▶ _To do_
Exactly the lines below starting at the line with "10 Pack 18 Matte" and ending at the line with "Chaise de bureau" are wanted, with both ends included. Leave out the pictures and add no other lines.

▶ _Material provided_
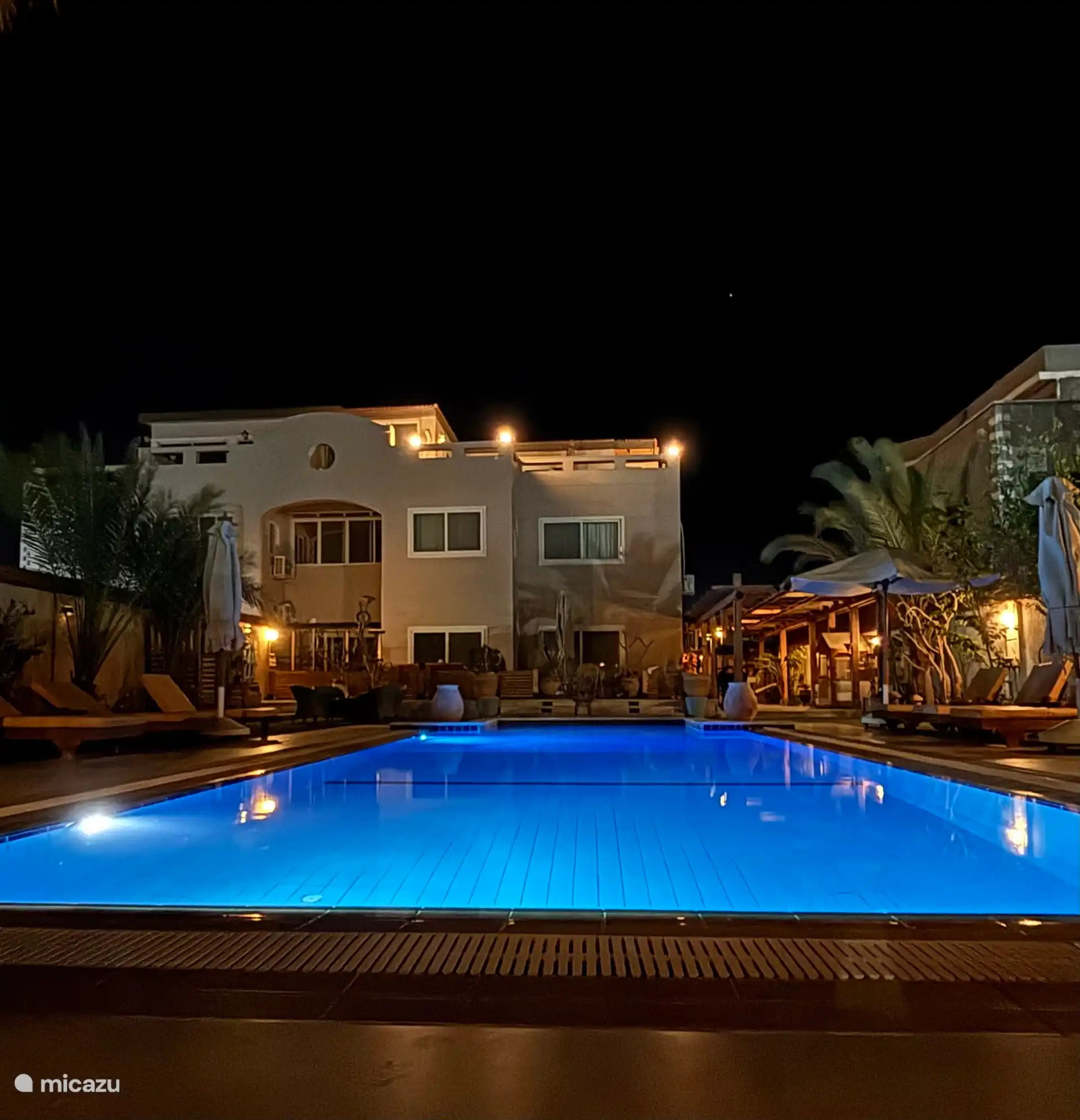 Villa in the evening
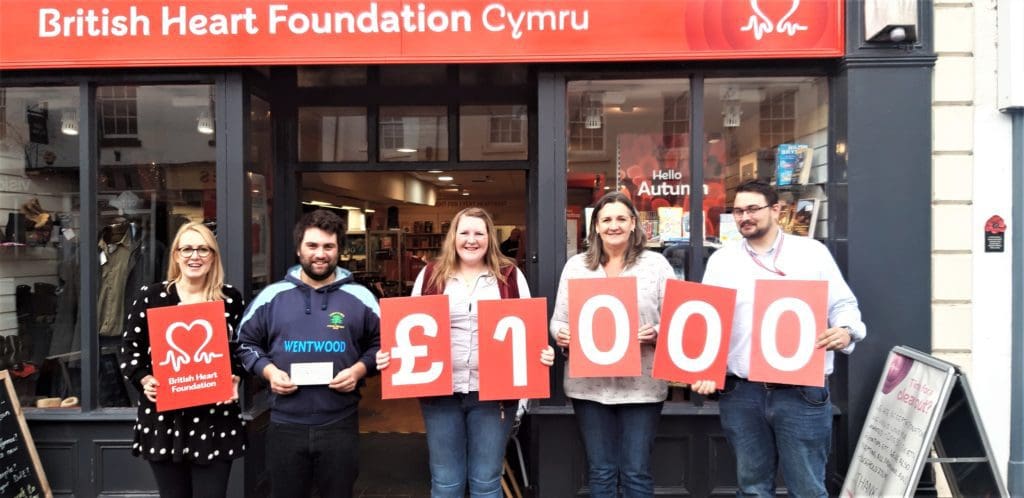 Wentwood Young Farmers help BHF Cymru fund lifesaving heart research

==

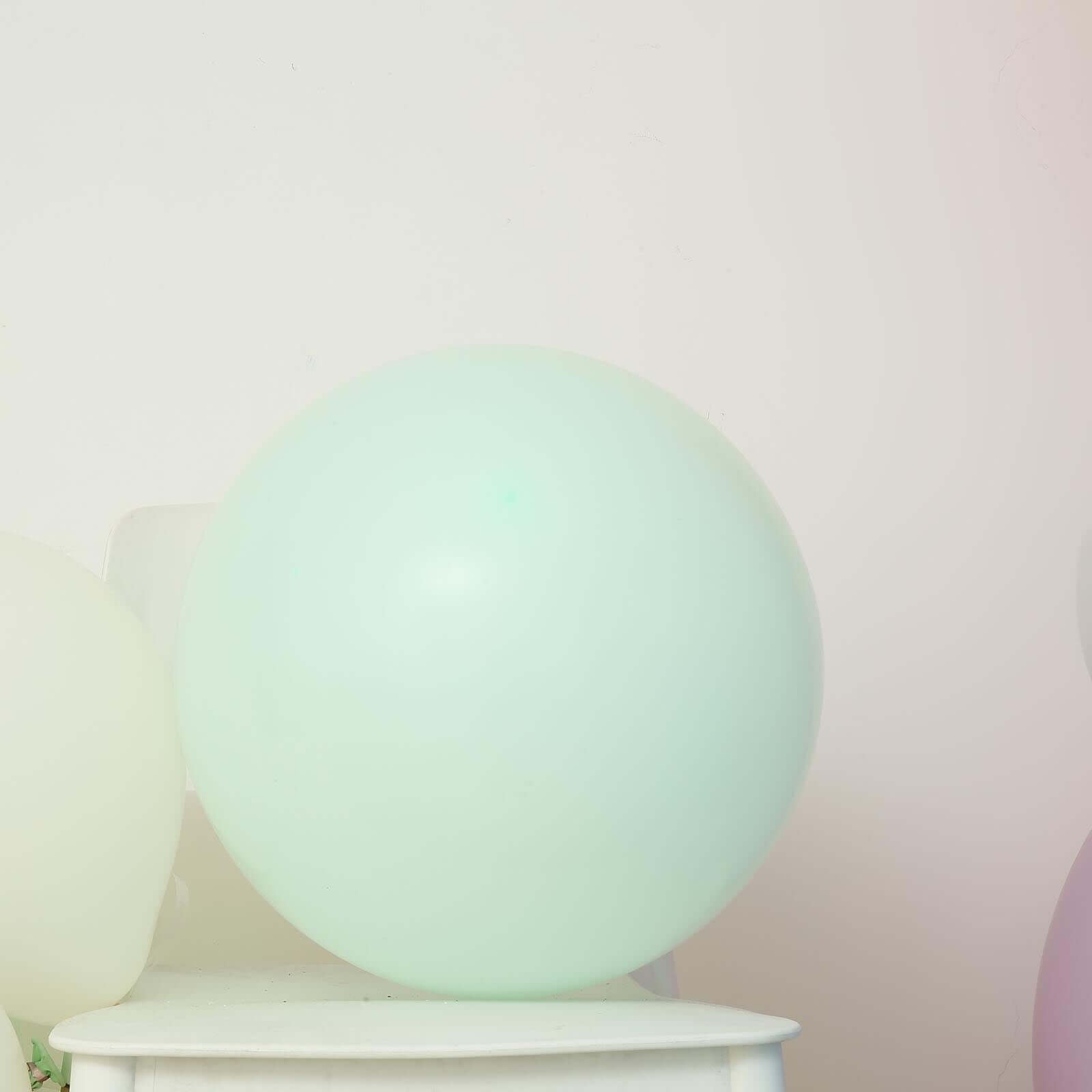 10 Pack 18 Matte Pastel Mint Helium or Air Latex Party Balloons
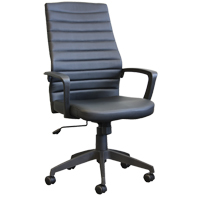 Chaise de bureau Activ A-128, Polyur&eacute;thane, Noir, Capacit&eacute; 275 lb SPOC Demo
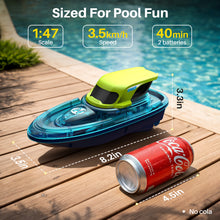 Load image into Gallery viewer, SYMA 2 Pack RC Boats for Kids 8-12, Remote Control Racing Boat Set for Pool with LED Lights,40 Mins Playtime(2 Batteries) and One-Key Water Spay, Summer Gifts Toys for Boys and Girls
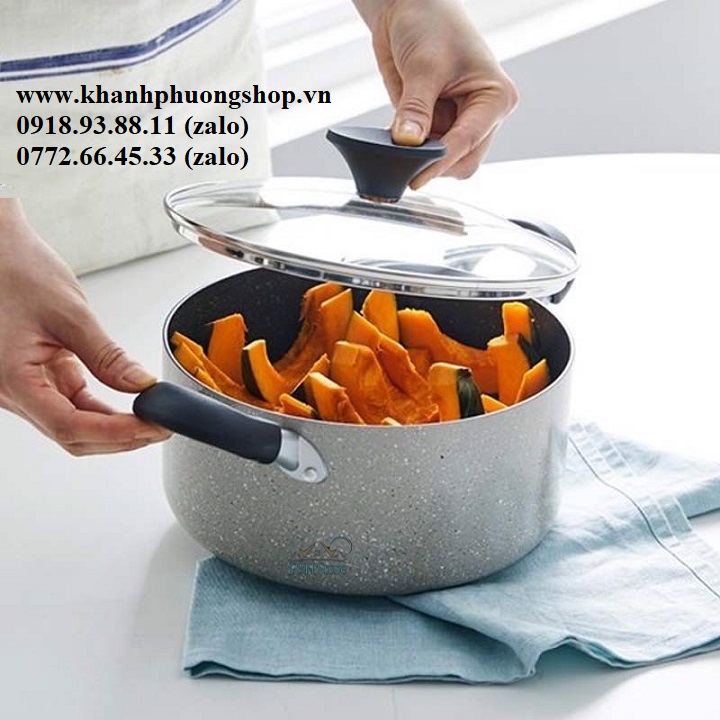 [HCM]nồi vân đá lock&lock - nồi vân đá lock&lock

▶ _Task response_
 10 Pack 18 Matte Pastel Mint Helium or Air Latex Party Balloons
 Chaise de bureau Activ A-128, Polyur&eacute;thane, Noir, Capacit&eacute; 275 lb SPOC Demo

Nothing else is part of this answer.